The son just sat there, seemingly unperturbed.
It seems the offspring of thieving government officials aren’t bothered at all by their parent(s)’ notoriety and ill-repute for being corrupt. The above-mentioned son of the elections guy carries on as if his father weren’t in hot water and has a sorry reputation for being morally bent.
I saw a newspaper photograph of a son of the military general/comptroller posing in his expensive designer garb in the United States. These people have no worries about flaunting their ill-gotten riches and the expensive bling that their easy money can buy.
Apparently the families of these accused thieves in government aren’t shamed by all the exposes incriminating their parents, not bothered by the provenance of the unexplained money their husbands/parents bring home. Don’t the wives and children of these crooks ever wonder how they can live in luxury despite their bread-winners’ ordinary-bureaucrat salaries?

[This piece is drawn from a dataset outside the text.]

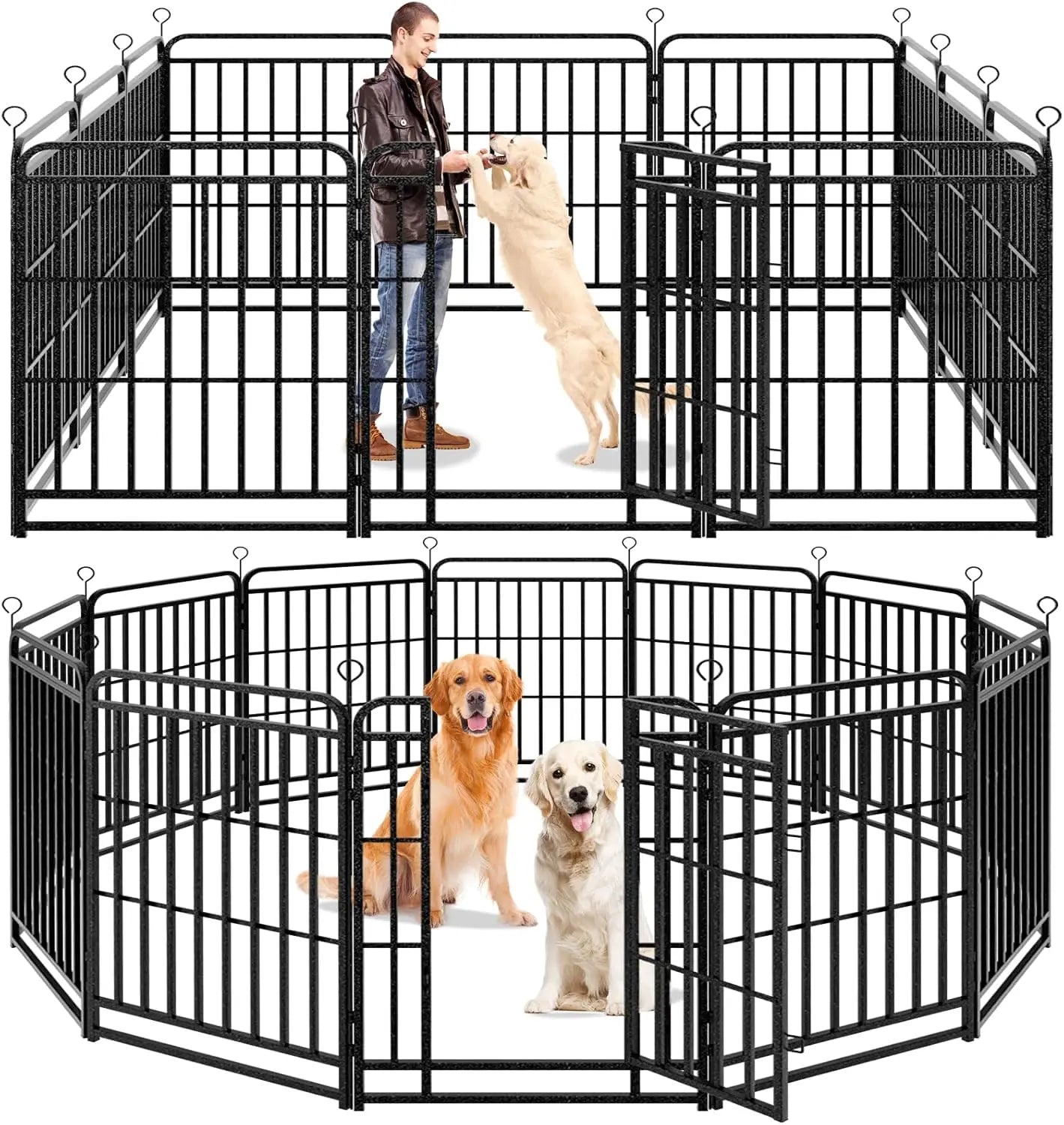 Dog Playpen Outdoor 12 Panels Heavy Duty Dog Fence 40" Height with Thick Pipe Anti-Rust with Doors Portable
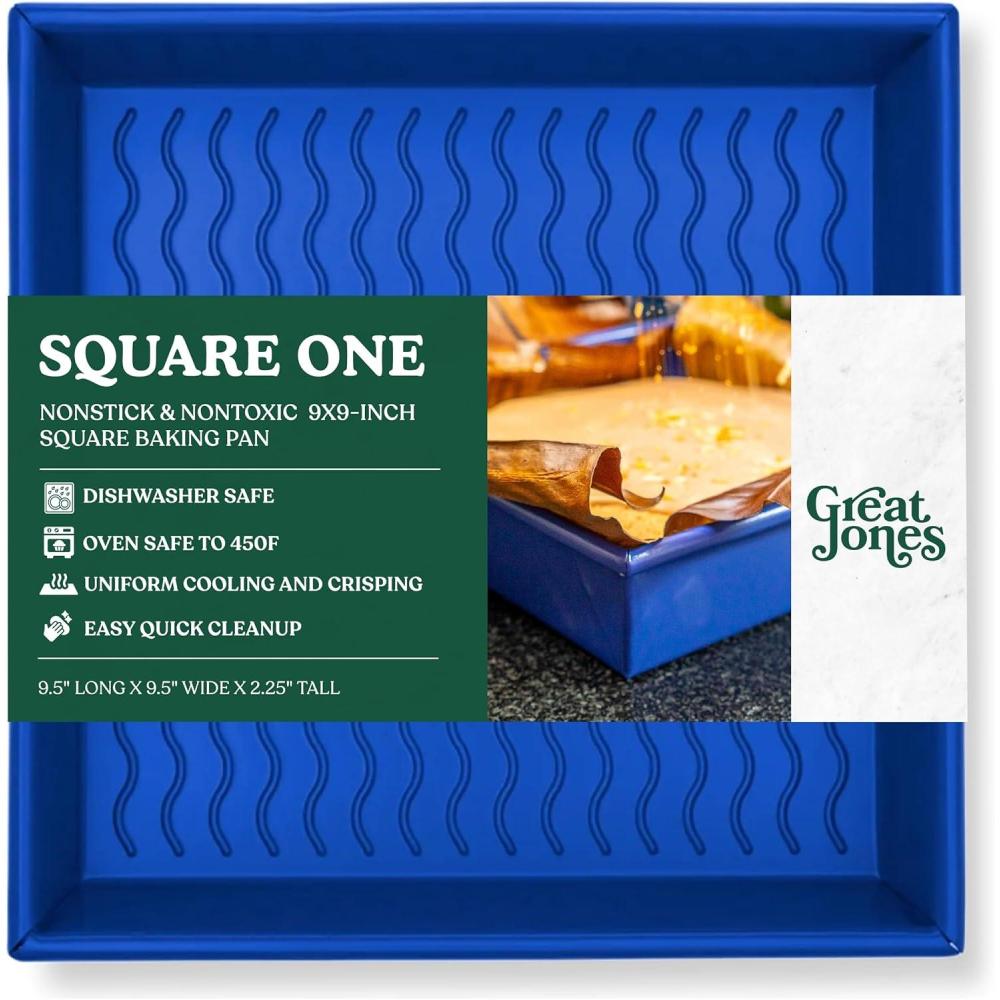 imageGreat Jones Square One Broccoli Nonstick 95x95Inch Square Baking Pan Signature Corrugated Bottom ChemicalFree Nonstick Coating OvenSafe ampamp DishwasherFriendlyBlueberry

Are we all Filipinos like that, given the chance to enrich ourselves if and when we come to positions of power? Are we a nation of crooks? Are we a shameless people?
Certainly not!
While public officials (with few exceptions) have made government their cash cow, the majority of Filipinos are simple people who go about their daily work and chores with quiet dignity and uncomplaining integrity. Most Filipinos, many of them poor, are deathly scared of government (which can act with impunity against any citizen) who dare not even jaywalk lest they suffer the wrath of abusive policemen. The same is true about Filipinos who live abroad, perhaps even truer because experience shows that Filipinos tend to be more law-abiding and hard-working when they are abroad.

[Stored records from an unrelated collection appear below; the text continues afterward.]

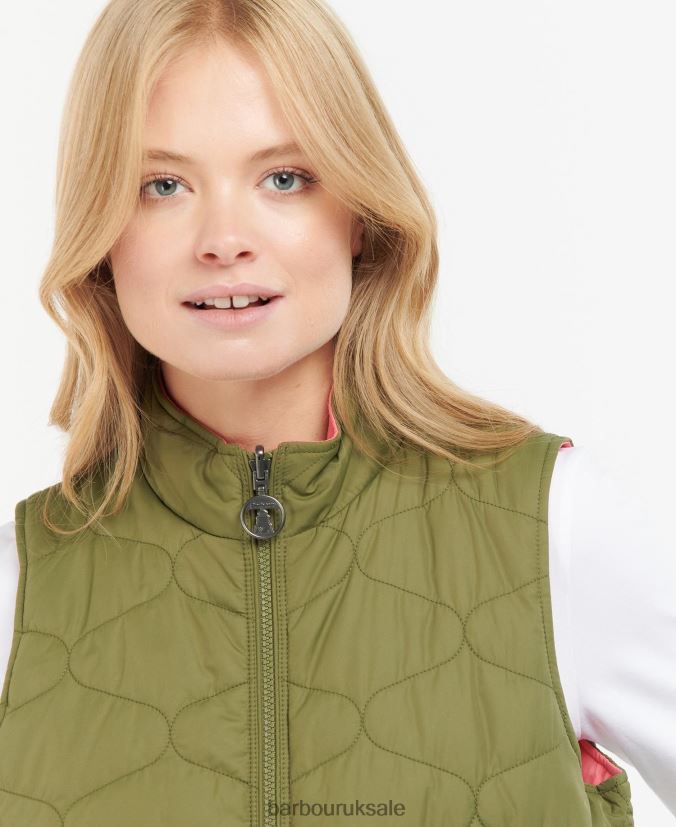 Reversible Apia Gilet Barbour Women R08LB61566 Clothing Olive Tree/Pink Punch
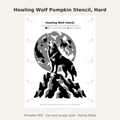 Howling Wolf Pumpkin Stencil, Hard Printable for Teens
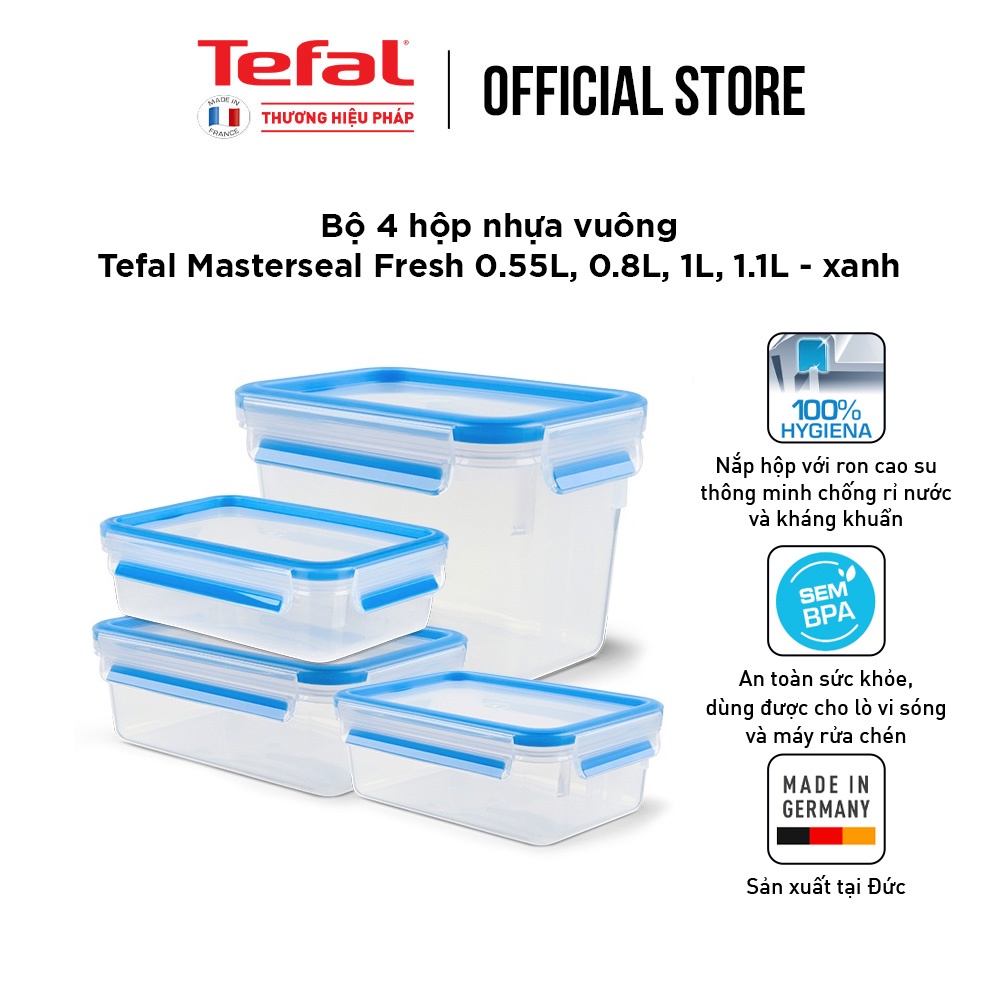 Bộ 4 hộp đựng thực phẩm nhựa, Tefal Masterseal Fresh (550ml, 800ml, 1000ml, 1100ml)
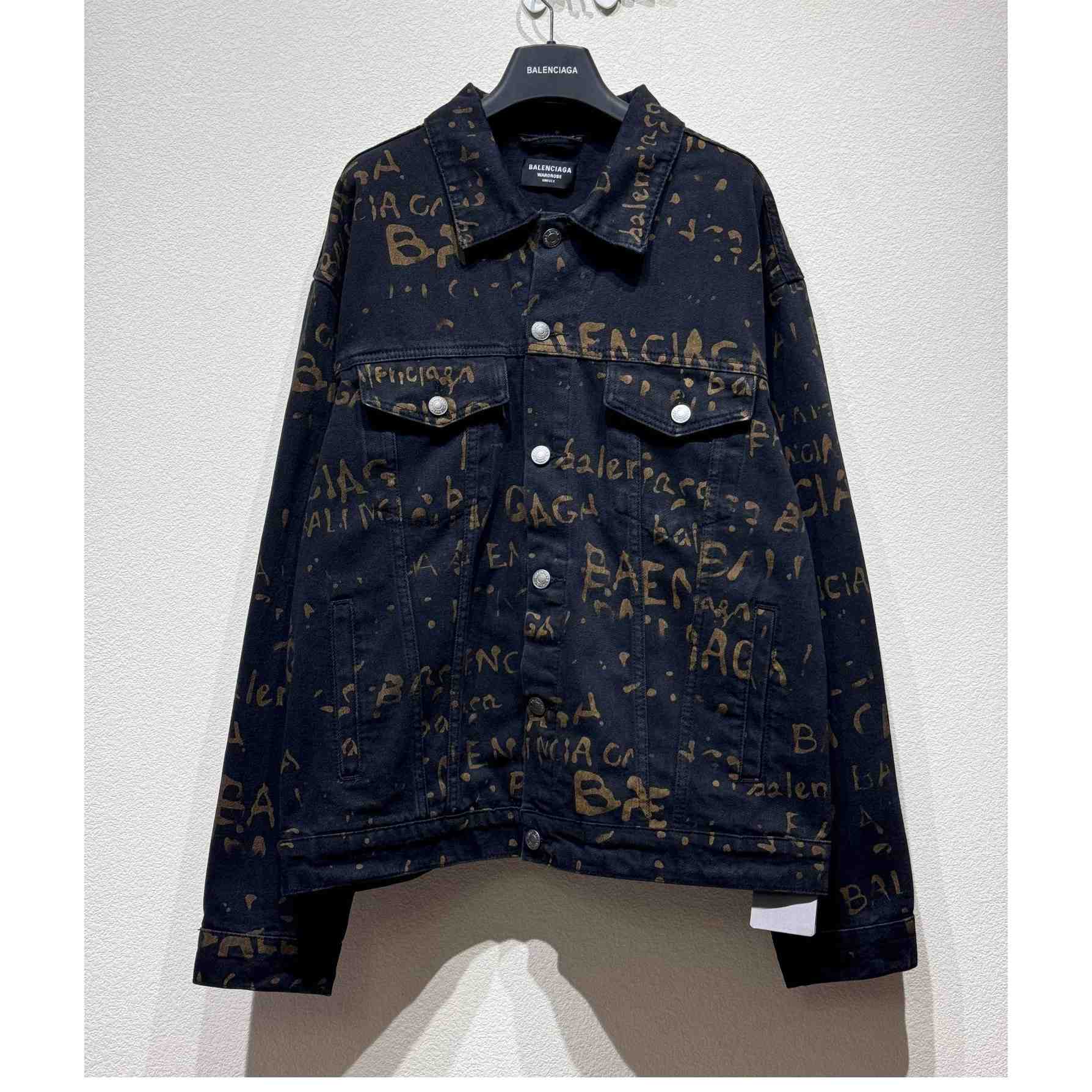 Balenciaga Bleachy Allover Denim Jacket - FashionPlug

Many Filipinos are scandalized by the crookedness, greed and opportunism of unscrupulous public officials but feel helpless to do anything about such ills because they feel underpowered.
Such is the lot of most Filipinos — voiceless, hopeless and helpless to save their country from the vultures and vermin that feast on their nation’s remaining wealth and treasures.
We may be poor and powerless but we are not without shame. We are embarrassed and ashamed by how our past governments, particularly those of Ferdinand Marcos and Gloria Arroyo, have led us to the road to perdition.
There are those who stole, cheated and lied to us with their bare faces. There are those who took advantage of our powerlessness, our naiveté and our tolerance. There are those who abused our trust and innocence.
They are the ones who are shameless, not us.